**Data to process:**

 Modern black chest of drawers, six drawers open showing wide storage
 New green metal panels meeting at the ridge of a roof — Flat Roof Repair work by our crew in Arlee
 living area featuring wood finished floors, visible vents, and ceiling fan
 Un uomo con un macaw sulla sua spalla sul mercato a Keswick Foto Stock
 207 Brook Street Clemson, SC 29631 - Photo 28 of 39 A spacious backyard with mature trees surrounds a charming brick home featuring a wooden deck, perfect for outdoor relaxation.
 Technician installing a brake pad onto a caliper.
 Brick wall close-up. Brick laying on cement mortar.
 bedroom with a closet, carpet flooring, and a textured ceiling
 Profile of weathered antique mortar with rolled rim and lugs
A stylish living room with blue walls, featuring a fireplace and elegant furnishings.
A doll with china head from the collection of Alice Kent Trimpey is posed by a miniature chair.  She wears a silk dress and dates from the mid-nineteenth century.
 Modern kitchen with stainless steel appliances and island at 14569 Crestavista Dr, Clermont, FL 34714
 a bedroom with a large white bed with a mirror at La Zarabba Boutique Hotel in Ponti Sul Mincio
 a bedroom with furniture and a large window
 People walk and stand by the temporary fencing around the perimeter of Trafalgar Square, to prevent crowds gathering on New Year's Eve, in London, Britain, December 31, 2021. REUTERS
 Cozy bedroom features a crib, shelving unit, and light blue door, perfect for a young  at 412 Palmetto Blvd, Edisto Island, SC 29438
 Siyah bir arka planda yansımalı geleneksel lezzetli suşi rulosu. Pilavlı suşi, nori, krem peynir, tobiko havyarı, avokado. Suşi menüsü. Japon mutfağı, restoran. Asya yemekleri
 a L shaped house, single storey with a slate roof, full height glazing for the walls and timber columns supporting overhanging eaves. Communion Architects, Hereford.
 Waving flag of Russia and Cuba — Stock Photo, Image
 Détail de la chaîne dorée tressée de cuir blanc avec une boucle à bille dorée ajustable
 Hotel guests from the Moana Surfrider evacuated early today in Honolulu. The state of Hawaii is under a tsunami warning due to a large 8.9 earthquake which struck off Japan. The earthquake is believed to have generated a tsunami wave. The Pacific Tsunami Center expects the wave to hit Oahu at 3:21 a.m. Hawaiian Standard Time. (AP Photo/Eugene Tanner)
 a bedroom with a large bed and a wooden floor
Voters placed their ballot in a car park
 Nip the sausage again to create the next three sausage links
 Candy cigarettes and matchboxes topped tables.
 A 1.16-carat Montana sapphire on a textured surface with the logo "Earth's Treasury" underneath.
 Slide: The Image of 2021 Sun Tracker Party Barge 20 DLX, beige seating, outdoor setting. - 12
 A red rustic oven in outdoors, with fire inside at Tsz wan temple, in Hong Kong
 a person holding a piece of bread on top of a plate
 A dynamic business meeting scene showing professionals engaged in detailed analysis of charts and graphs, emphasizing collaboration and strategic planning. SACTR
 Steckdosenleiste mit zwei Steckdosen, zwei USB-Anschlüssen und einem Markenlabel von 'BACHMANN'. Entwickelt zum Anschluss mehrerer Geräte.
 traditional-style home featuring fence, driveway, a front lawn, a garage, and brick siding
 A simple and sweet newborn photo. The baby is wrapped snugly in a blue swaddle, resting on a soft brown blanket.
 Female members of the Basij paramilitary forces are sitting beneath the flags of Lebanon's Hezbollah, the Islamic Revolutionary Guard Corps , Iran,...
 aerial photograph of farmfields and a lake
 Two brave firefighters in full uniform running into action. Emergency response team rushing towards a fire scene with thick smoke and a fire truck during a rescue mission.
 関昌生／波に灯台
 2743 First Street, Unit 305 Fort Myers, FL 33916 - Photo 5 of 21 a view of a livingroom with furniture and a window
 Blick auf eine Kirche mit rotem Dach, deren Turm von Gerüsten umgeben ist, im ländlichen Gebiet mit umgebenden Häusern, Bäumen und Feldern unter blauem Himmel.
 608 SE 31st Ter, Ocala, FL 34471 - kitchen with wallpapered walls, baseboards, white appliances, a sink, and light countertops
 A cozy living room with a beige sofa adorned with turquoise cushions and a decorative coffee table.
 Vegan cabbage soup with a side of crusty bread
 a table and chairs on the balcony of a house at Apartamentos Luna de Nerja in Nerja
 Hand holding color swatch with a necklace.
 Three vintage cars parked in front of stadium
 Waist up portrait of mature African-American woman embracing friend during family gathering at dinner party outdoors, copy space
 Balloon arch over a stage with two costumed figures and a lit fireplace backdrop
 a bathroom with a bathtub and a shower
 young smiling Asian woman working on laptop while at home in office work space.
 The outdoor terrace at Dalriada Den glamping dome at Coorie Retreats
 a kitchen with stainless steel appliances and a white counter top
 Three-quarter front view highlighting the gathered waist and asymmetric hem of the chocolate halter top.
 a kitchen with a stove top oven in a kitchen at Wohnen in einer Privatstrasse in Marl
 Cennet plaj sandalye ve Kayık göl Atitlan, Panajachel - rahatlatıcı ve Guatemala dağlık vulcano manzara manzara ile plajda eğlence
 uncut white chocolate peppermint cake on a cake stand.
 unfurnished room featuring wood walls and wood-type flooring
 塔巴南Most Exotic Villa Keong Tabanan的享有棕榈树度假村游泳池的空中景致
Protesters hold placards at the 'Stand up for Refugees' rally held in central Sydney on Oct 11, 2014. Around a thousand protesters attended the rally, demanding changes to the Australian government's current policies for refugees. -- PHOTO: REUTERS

**Work task:** Each line of the data that includes "featuring" should be copied.

**Answer area:**
 living area featuring wood finished floors, visible vents, and ceiling fan
 207 Brook Street Clemson, SC 29631 - Photo 28 of 39 A spacious backyard with mature trees surrounds a charming brick home featuring a wooden deck, perfect for outdoor relaxation.
A stylish living room with blue walls, featuring a fireplace and elegant furnishings.
 traditional-style home featuring fence, driveway, a front lawn, a garage, and brick siding
 unfurnished room featuring wood walls and wood-type flooring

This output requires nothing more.